Output only the lines below from the one containing "Dupleks di Jumeirah" to the one containing "Innenaufnahme der Scheune", exactly as written, both ends kept.
*** Opening of Data for the task ***
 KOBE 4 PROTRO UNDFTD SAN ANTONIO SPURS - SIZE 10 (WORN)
*** Close of Data for the task ***
*** Opening of Data for the task ***
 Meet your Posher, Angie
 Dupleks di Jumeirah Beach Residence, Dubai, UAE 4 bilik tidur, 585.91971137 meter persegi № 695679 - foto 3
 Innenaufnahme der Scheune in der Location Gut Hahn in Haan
*** Close of Data for the task ***
*** Opening of Data for the task ***
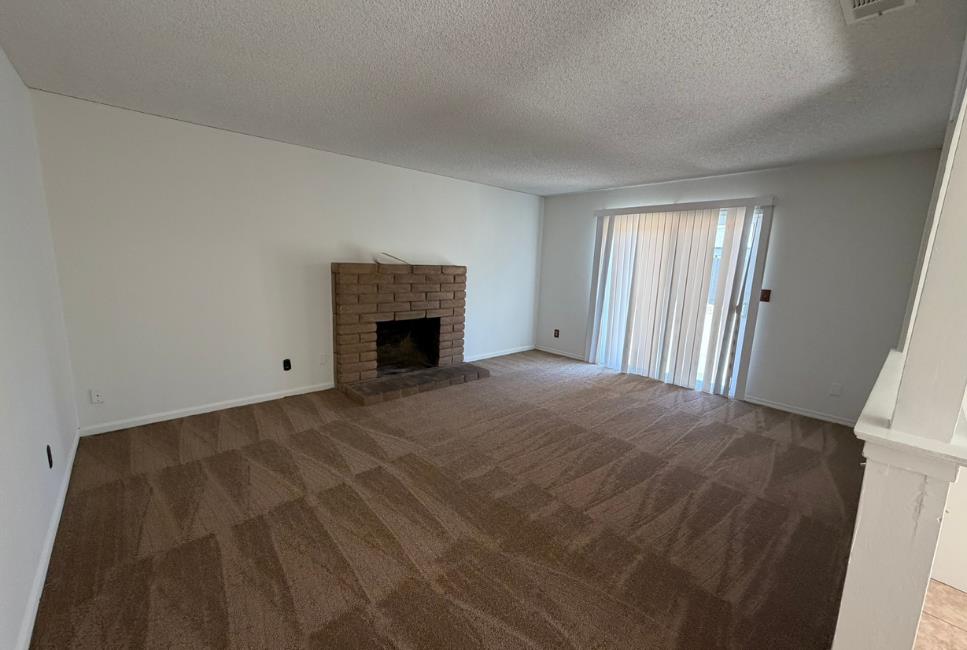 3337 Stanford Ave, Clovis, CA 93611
*** Close of Data for the task ***
◆ Result ◆
 Dupleks di Jumeirah Beach Residence, Dubai, UAE 4 bilik tidur, 585.91971137 meter persegi № 695679 - foto 3
 Innenaufnahme der Scheune in der Location Gut Hahn in Haan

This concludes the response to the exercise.